To do: Set down every entry again, exactly as it appears.

Caption-style text data:
▬▬▬▬▬▬▬▬▬▬
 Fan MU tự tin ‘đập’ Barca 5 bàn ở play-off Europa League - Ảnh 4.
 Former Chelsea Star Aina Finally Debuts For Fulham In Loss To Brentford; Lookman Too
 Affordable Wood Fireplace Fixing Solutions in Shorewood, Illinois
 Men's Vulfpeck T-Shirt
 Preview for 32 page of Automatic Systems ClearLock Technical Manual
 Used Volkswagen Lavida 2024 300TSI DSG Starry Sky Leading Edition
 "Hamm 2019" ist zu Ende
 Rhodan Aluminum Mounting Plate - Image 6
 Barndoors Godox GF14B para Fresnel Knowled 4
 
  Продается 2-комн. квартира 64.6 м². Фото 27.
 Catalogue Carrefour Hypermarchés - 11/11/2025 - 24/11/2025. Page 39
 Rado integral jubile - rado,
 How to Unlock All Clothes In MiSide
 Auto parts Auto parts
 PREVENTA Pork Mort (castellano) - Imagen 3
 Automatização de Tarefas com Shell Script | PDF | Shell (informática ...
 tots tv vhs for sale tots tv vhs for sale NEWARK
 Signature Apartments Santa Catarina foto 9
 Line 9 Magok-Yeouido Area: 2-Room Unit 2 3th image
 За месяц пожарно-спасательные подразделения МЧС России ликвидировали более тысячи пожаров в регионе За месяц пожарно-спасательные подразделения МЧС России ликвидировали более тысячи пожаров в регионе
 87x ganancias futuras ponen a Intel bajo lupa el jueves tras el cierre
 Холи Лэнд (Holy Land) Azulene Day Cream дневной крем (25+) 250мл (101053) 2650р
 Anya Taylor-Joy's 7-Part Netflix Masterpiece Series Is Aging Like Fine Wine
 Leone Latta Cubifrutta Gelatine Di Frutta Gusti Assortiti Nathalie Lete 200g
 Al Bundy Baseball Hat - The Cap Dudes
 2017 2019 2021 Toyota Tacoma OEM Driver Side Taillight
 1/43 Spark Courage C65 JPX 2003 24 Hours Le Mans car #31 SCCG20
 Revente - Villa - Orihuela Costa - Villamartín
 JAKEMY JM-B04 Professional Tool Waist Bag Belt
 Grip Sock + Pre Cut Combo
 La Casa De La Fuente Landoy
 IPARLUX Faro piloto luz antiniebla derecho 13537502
▬▬▬▬▬▬▬▬▬▬
Expected answer:
 Fan MU tự tin ‘đập’ Barca 5 bàn ở play-off Europa League - Ảnh 4.
 Former Chelsea Star Aina Finally Debuts For Fulham In Loss To Brentford; Lookman Too
 Affordable Wood Fireplace Fixing Solutions in Shorewood, Illinois
 Men's Vulfpeck T-Shirt
 Preview for 32 page of Automatic Systems ClearLock Technical Manual
 Used Volkswagen Lavida 2024 300TSI DSG Starry Sky Leading Edition
 "Hamm 2019" ist zu Ende
 Rhodan Aluminum Mounting Plate - Image 6
 Barndoors Godox GF14B para Fresnel Knowled 4
 
  Продается 2-комн. квартира 64.6 м². Фото 27.
 Catalogue Carrefour Hypermarchés - 11/11/2025 - 24/11/2025. Page 39
 Rado integral jubile - rado,
 How to Unlock All Clothes In MiSide
 Auto parts Auto parts
 PREVENTA Pork Mort (castellano) - Imagen 3
 Automatização de Tarefas com Shell Script | PDF | Shell (informática ...
 tots tv vhs for sale tots tv vhs for sale NEWARK
 Signature Apartments Santa Catarina foto 9
 Line 9 Magok-Yeouido Area: 2-Room Unit 2 3th image
 За месяц пожарно-спасательные подразделения МЧС России ликвидировали более тысячи пожаров в регионе За месяц пожарно-спасательные подразделения МЧС России ликвидировали более тысячи пожаров в регионе
 87x ganancias futuras ponen a Intel bajo lupa el jueves tras el cierre
 Холи Лэнд (Holy Land) Azulene Day Cream дневной крем (25+) 250мл (101053) 2650р
 Anya Taylor-Joy's 7-Part Netflix Masterpiece Series Is Aging Like Fine Wine
 Leone Latta Cubifrutta Gelatine Di Frutta Gusti Assortiti Nathalie Lete 200g
 Al Bundy Baseball Hat - The Cap Dudes
 2017 2019 2021 Toyota Tacoma OEM Driver Side Taillight
 1/43 Spark Courage C65 JPX 2003 24 Hours Le Mans car #31 SCCG20
 Revente - Villa - Orihuela Costa - Villamartín
 JAKEMY JM-B04 Professional Tool Waist Bag Belt
 Grip Sock + Pre Cut Combo
 La Casa De La Fuente Landoy
 IPARLUX Faro piloto luz antiniebla derecho 13537502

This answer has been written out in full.